Brilliant and ambitious dressmaker Marcelline Noirot is London's rising star. And who better to benefit from her talent than the worst-dressed lady in the ton, the Duke of Clevedon's intended bride? Winning the future duchess's patronage means prestige and fortune for Marcelline and her sisters. To get to the lady, though, Marcelline must win over Clevedon, whose standards are as high as his morals are . . . not.
The prize seems well worth the risk—but this time Marcelline's met her match. Clevedon can design a seduction as irresistible as her dresses; and what begins as a flicker of desire between two of the most passionately stubborn charmers in London soon ignites into a delicious inferno . . .and a blazing scandal.
And now both their futures hang by an exquisite thread of silk . . .
I simply loved this book! I'm not surprised, it has everything, humor, sensuality, a fantastic, strong, heroine and an irresistible hero. *sigh* Marcelline's daughter was so sweet as well - she brought tears to my eyes at one point. I love the notorious DeLucey's, and there were some elements here that reminded me of Chase's other book, Lord Perfect. We even got a glimpse of Lord Hargate! A great addition to Chase's library of great books! A keeper and has primed me for book 2 which just came out last week! Beautiful cover too! 4.5/5
The Restorer by Amanda Stevens (audio)
Amelia Gray has always been aware of ghosts, and now she travels all over the South cleaning up forgotten or abandoned graveyards. When an enigmatic yet haunted police detective asks for her help to trap a serial killer, their growing attraction constitutes the very gravest of threats.

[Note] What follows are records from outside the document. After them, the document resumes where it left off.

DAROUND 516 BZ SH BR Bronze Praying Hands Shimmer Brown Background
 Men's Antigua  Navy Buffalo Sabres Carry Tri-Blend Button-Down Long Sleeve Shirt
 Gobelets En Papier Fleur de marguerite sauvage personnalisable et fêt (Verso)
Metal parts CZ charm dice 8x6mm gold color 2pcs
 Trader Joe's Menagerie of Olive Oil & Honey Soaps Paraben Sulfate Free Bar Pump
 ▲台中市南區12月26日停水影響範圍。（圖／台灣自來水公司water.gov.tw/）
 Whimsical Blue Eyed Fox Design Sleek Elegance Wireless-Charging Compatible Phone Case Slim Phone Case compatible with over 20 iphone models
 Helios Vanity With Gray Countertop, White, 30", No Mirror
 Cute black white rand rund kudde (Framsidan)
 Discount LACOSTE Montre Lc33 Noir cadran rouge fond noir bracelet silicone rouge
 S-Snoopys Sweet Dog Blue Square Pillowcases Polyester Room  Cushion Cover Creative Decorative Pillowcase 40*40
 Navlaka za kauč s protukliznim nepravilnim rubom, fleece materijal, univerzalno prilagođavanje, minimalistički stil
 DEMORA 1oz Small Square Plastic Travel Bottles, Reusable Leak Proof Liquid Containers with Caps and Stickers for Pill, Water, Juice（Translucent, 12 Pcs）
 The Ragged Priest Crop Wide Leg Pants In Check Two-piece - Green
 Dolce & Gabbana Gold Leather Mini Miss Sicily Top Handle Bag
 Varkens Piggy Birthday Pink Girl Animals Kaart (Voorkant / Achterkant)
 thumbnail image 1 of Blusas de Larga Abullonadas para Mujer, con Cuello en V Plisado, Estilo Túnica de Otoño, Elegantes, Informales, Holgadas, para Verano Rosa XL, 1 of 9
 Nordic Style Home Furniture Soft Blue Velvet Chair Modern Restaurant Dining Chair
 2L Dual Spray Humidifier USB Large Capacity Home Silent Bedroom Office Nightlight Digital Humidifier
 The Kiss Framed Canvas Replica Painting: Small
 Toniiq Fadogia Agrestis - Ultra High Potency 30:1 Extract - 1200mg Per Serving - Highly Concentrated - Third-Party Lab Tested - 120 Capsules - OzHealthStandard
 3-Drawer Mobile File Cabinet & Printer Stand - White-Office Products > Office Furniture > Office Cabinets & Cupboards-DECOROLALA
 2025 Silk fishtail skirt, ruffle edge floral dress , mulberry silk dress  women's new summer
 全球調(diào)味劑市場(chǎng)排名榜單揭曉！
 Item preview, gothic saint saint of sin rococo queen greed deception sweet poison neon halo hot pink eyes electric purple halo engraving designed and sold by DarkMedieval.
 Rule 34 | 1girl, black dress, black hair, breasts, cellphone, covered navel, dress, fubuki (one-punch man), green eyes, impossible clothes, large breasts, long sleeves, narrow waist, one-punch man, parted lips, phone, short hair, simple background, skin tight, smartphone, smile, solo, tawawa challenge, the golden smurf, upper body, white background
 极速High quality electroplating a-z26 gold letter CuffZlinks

I really enjoyed this modern-day twisty paranormal tale of a southern young woman, Amelia Gray, who "sees dead bodies." Yes, she sees ghosts, a trait she has inherited from her father. Since the age of nine, she's had to keep this secret from everyone but her father. But, the hardest part is she cannot let the ghosts know she can see them or they will never leave her and try and suck her life force from her - haunt her. As an adult, Amelia is a graveyard restorer, an expert on cemetery restoration. Based in Charleston, she's asked to help on a case in which a dead woman's body has been found in a cemetery she's been restoring. This leads her to Detective John Devlin, an enigmatic and devilishly handsome man that has his own ghosts following him wherever he goes - though he doesn't know it. Amelia does and sees his dead wife and child at twilight when the ghosts come out. Can Amelia resist the attractive detective, despite the magnetic appeal he exudes? And what about these dead bodies turning up in Oak Grove Cemetery, what is the connection and who is the killer that has started up his killing spree again after ten years? What is Devlin's daughter's ghost trying to tell Amelia? Lots of questions, a good mystery, and just enough creepiness to keep my attention to the very end. I loved this book, the setting and the plotline were great, especially on audio. The narrator, Khristine Hvam, did a fantastic job with the charming Southern accents as well. Reminds me a bit of Karen Marie Moning's Fever series with another Southern heroine who sees things others don't, particularly dark shadowy creatures. I'm definitely listening to the rest of the series! 4.5/5
A Lady's Lesson in Scandal by Meredith Duran
When Nell Whitby breaks into an earl’s house on a midnight quest for revenge, she finds her pistol pointed at the wrong man. Pity the handsome devil is a lunatic. He thinks her a missing heiress, but more to the point, he’ll help her escape the slums and get a bit of justice, too. Not a bad bargain. All she has to do is marry him.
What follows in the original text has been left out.